[Stored entries]
((

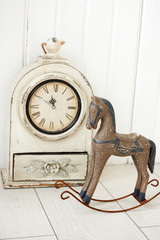 antique clock on a wooden background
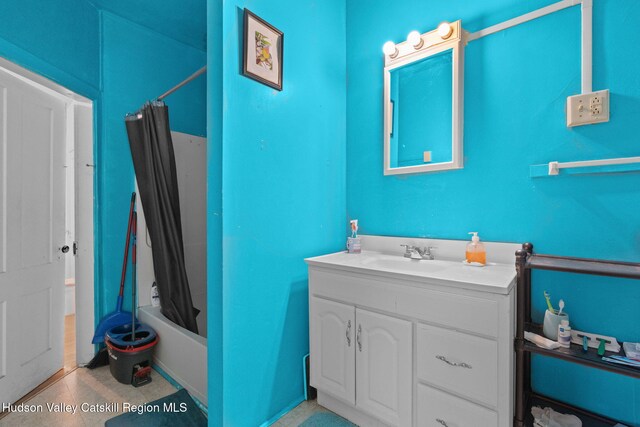 bathroom featuring vanity and shower / bath combo with shower curtain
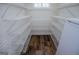 Pantry with wood-look flooring and white metal shelving at 7364 N Mitchell Ct, Villa Rica, GA 30180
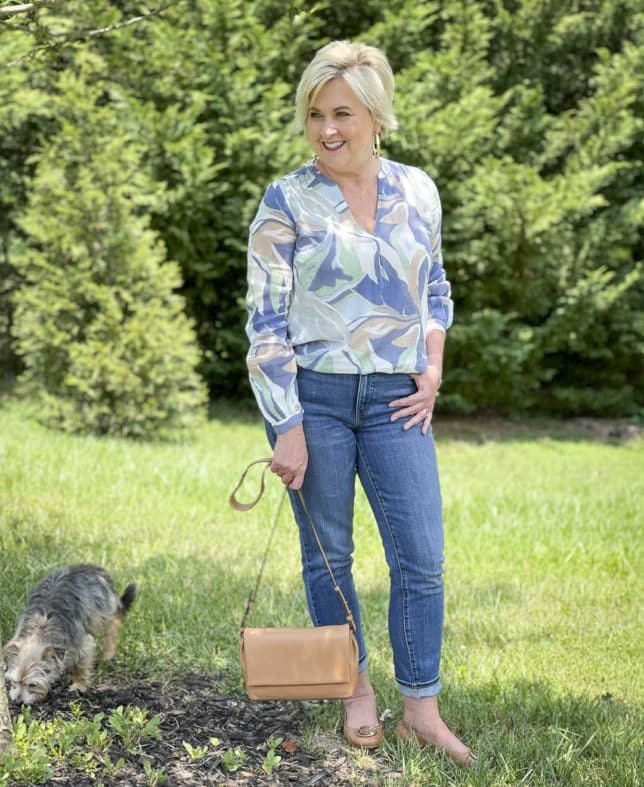 Fashion Blogger 50 Is Not Old is wearing a v-neck long sleeve top with cuffed jeans, and holding a camel crossbody handbag, flats by Tory Burch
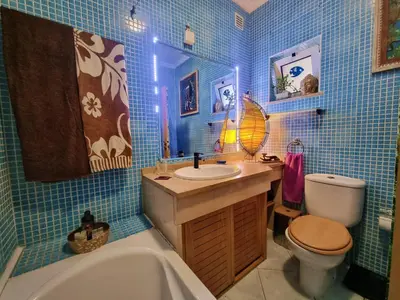 a bathroom with a tub and a sink and a toilet at T1 Falesia in Albufeira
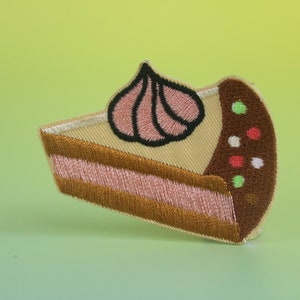 Op de afbeelding: Een geborduurde patch van een stuk cake met een roze swirl van frosting erop, in bruin, roze en wit.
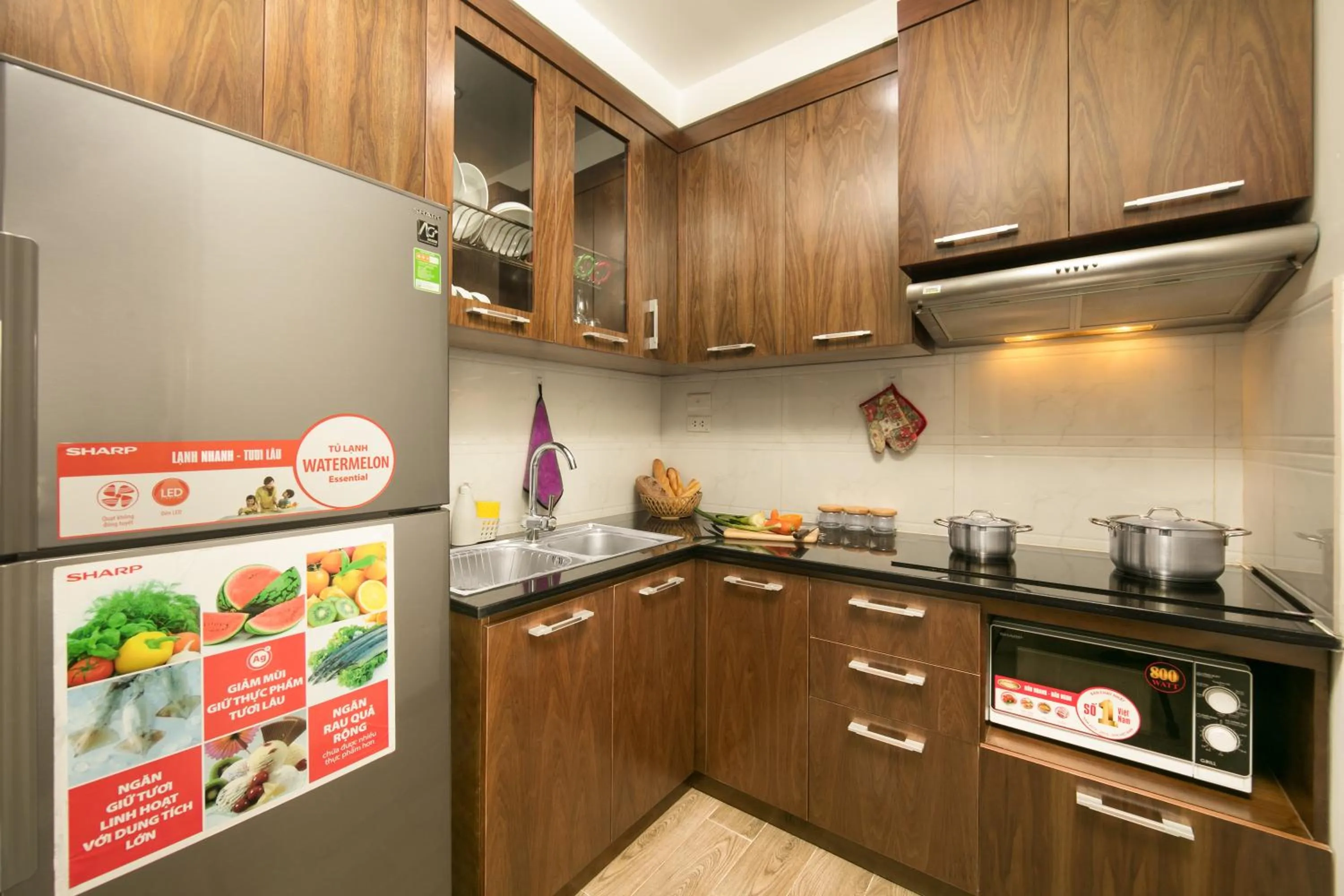 Kitchen or kitchenette in Poonsa Hanoi - The Ordinary Living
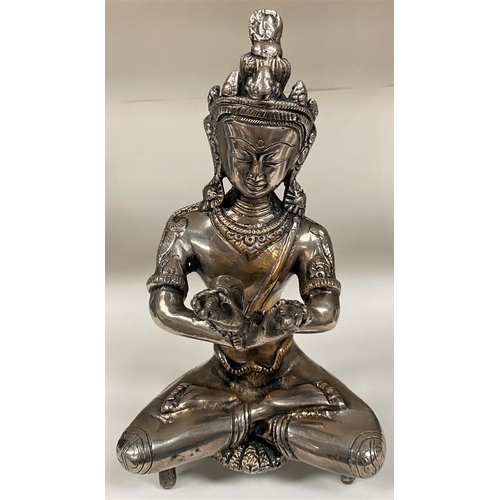 464 - An anodised brass figure of Buddha, 27cm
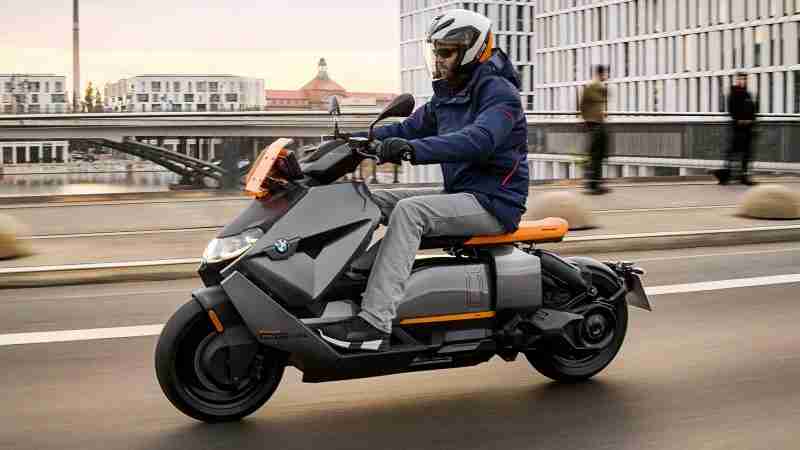 BMW CE 04 electric scooter riding on road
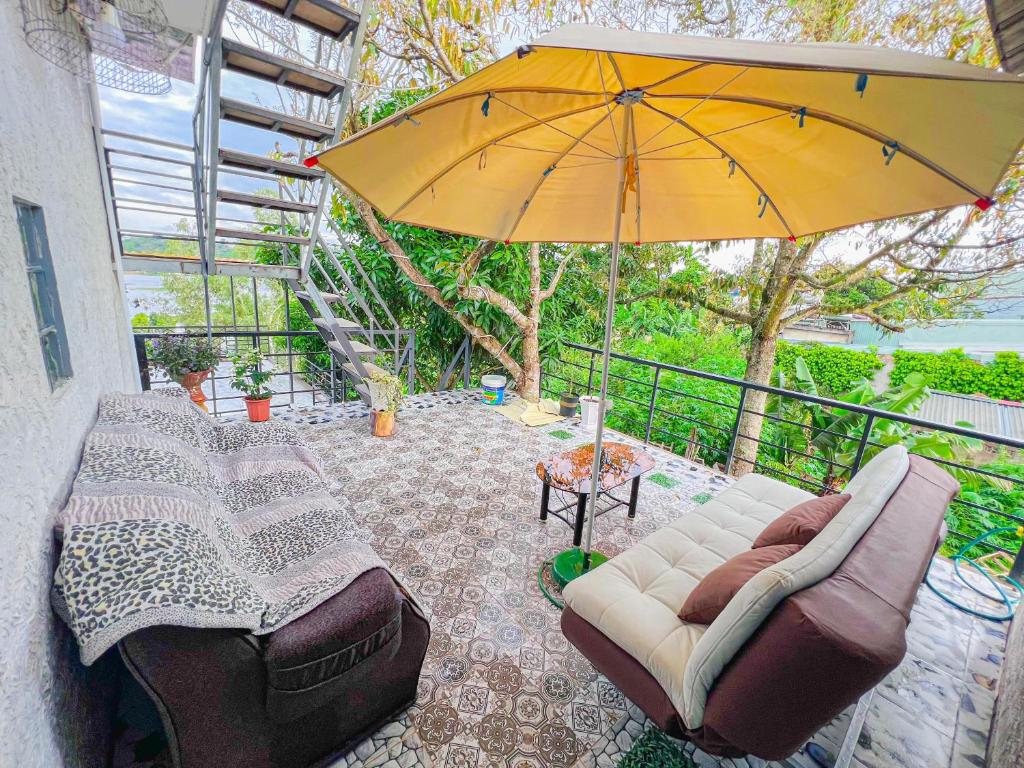 波来古市Gió Homestay - Pleiku的一个带沙发和遮阳伞的庭院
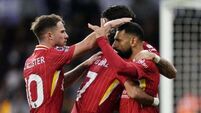Liverpool go top of the Premier League after win at Wolves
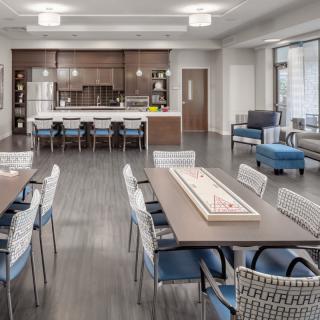 A modern common area with a kitchen and dining setup, featuring sleek furniture and an open layout.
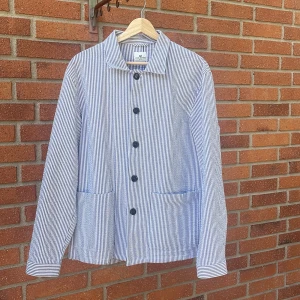 Randig overshirt från John Henric - Snygg randig overshirt från John Henric i blått och vitt. Jackan har klassisk krage, stora svarta knappar och två rejäla fickor framtill. Tillverkad i luftig bomull, perfekt för lager-på-lager. Långärmad och stilren med relaxed vibe.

))

Lines from the one holding "A modern common" to the end of the data, both ends included, are to be given again exactly; no pictures belong in the copy.

> _SOLUTION TO THIS TASK_:
 A modern common area with a kitchen and dining setup, featuring sleek furniture and an open layout.
 Randig overshirt från John Henric - Snygg randig overshirt från John Henric i blått och vitt. Jackan har klassisk krage, stora svarta knappar och två rejäla fickor framtill. Tillverkad i luftig bomull, perfekt för lager-på-lager. Långärmad och stilren med relaxed vibe.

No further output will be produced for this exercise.